=== Begin Enclosure ===
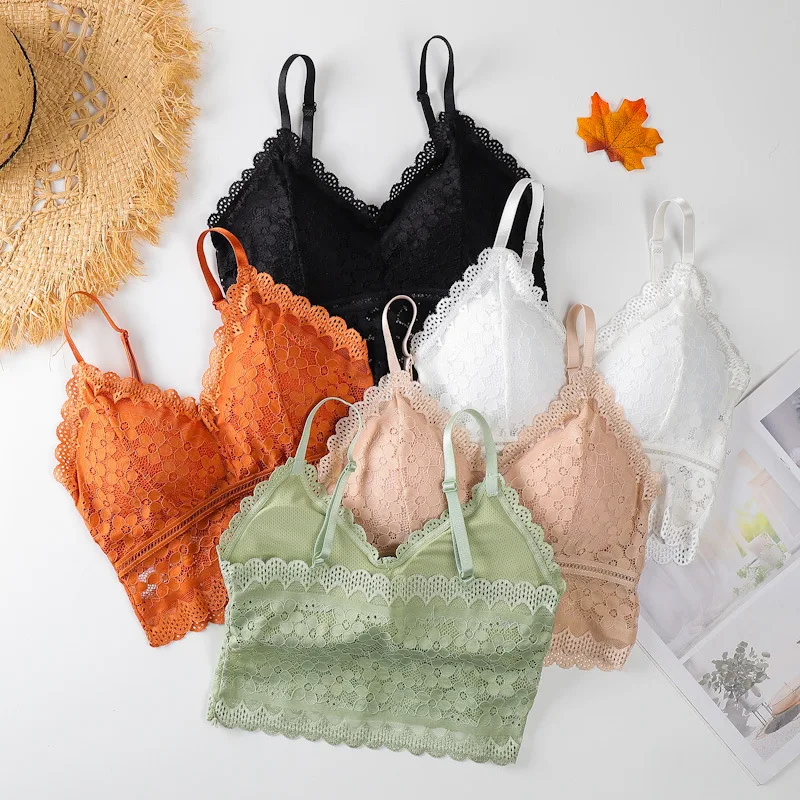 Linbaiway 2021 French Style Push up Bra for Women Solid Crops Tube Top Sexy Seamless Bralette Wire Free Brassiere Women Lingerie
Linbaiway 2021 French Style Push up Bra for Women Solid Crops Tube Top Sexy Seamless Bralette Wire Free Brassiere Women Lingerie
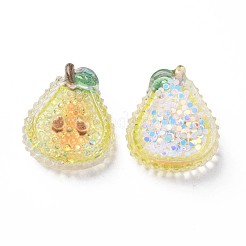Transparente Epoxidharz-Cabochons X-CRES-S365-13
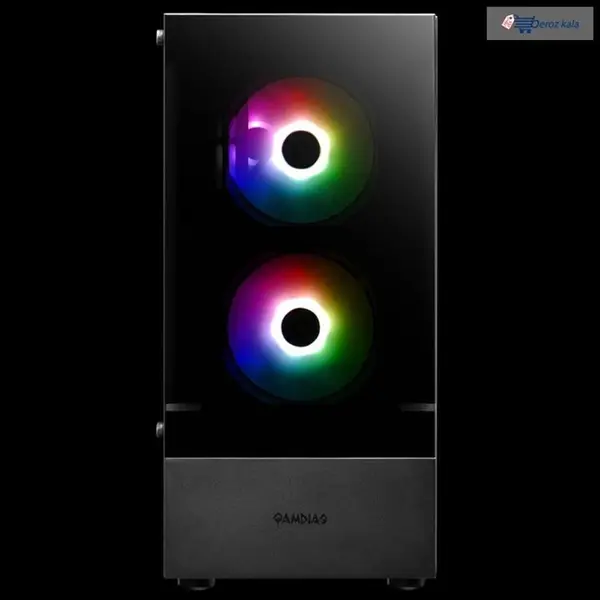 کیس کامپیوتر گیم دیاس مدل TALOS-E3 gamdias TALOS E3 WH Computer Case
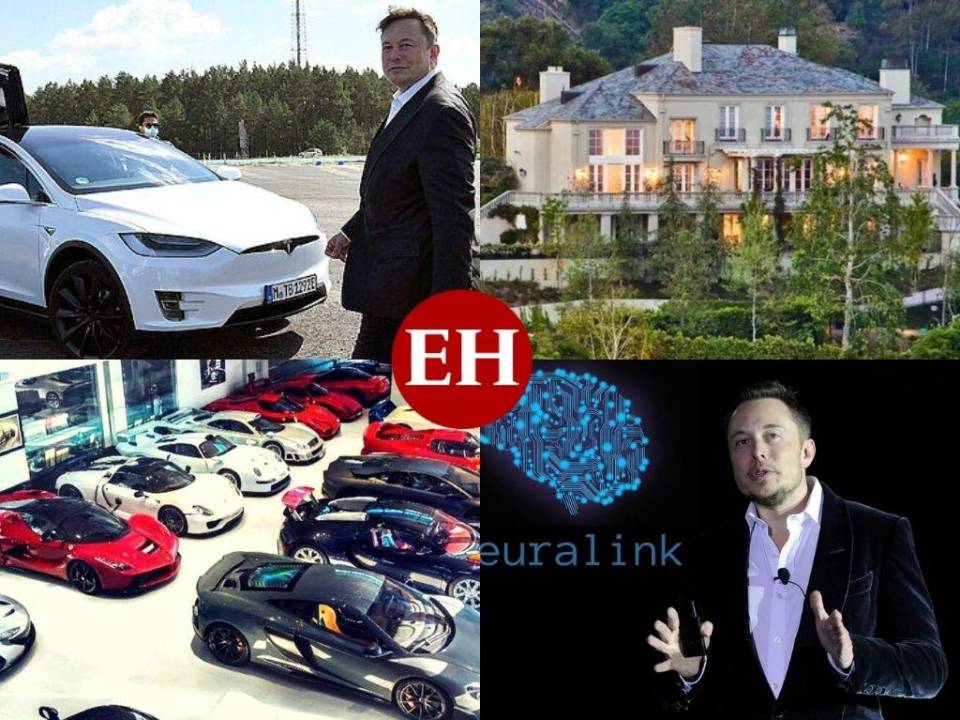 Mansiones, impresionantes colecciones de vehículos y empresas millonarias, conoce cuáles son las posesiones más caras que tiene el multimillonario Elon Musk, el nuevo dueño de Twitter.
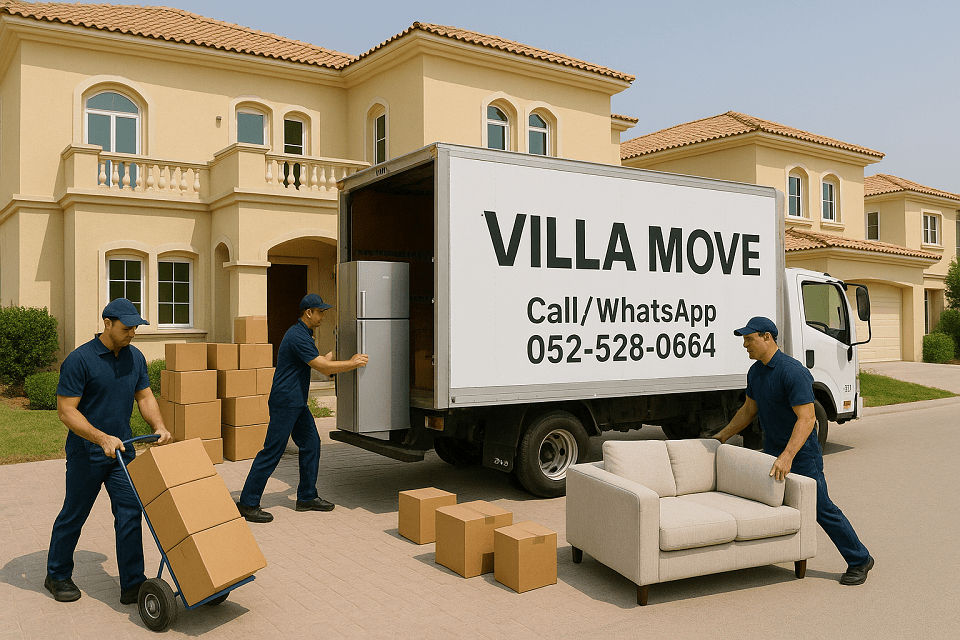 Movers in Al Nahda Dubai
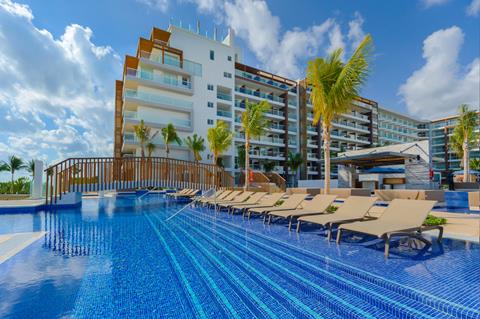 Royalton Splash Riviera Cancun Mexico Quintana Roo Puerto Morelos sfeerfoto groot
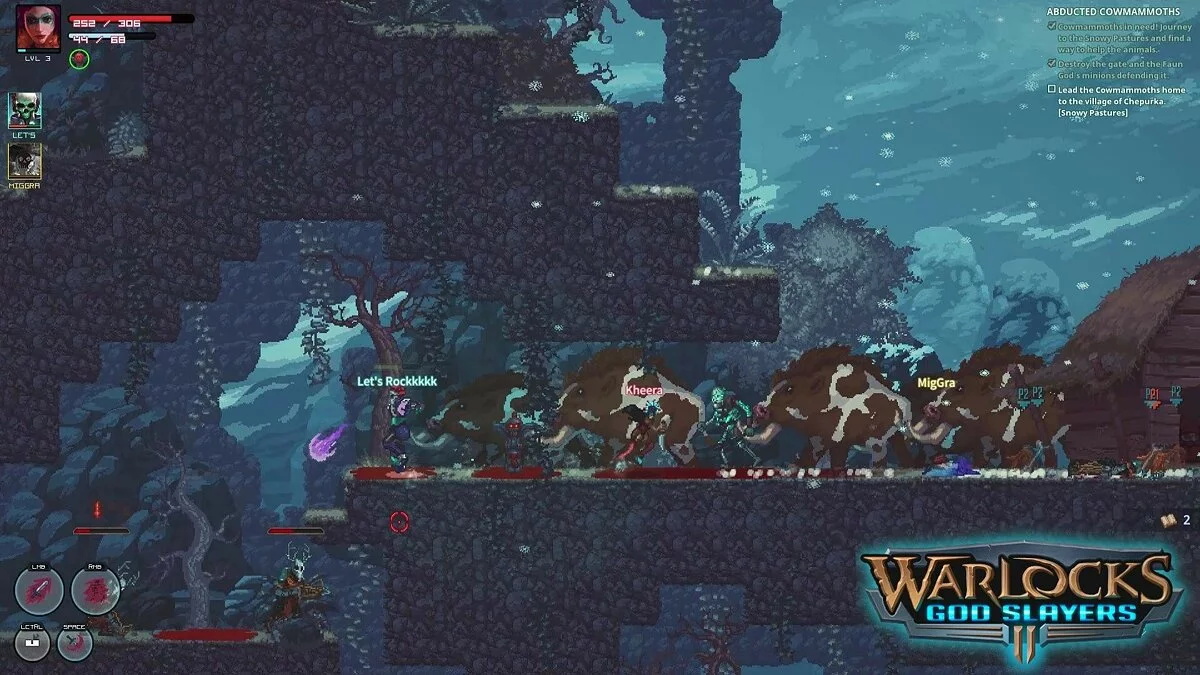 Скриншот из игры Warlocks 2: God Slayers - 38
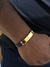Pulseira Emborrachada com Chapa de Aço Inox e Pintura Eletrostática Nossa Senhora. na internet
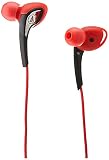 audio-technica SONICSPORT カナル型イヤホン 防水仕様 スポーツ向け レッド ATH-SPORT2 RD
=== End Enclosure ===
== GOAL OF THE EXERCISE ==
Only the pictures are dropped when you print the material; everything else is copied exactly.

== TASK RESULT ==
 Linbaiway 2021 French Style Push up Bra for Women Solid Crops Tube Top Sexy Seamless Bralette Wire Free Brassiere Women Lingerie
Linbaiway 2021 French Style Push up Bra for Women Solid Crops Tube Top Sexy Seamless Bralette Wire Free Brassiere Women Lingerie
Transparente Epoxidharz-Cabochons X-CRES-S365-13
 کیس کامپیوتر گیم دیاس مدل TALOS-E3 gamdias TALOS E3 WH Computer Case
 Mansiones, impresionantes colecciones de vehículos y empresas millonarias, conoce cuáles son las posesiones más caras que tiene el multimillonario Elon Musk, el nuevo dueño de Twitter.
 Movers in Al Nahda Dubai
 Royalton Splash Riviera Cancun Mexico Quintana Roo Puerto Morelos sfeerfoto groot
 Скриншот из игры Warlocks 2: God Slayers - 38
Pulseira Emborrachada com Chapa de Aço Inox e Pintura Eletrostática Nossa Senhora. na internet
 audio-technica SONICSPORT カナル型イヤホン 防水仕様 スポーツ向け レッド ATH-SPORT2 RD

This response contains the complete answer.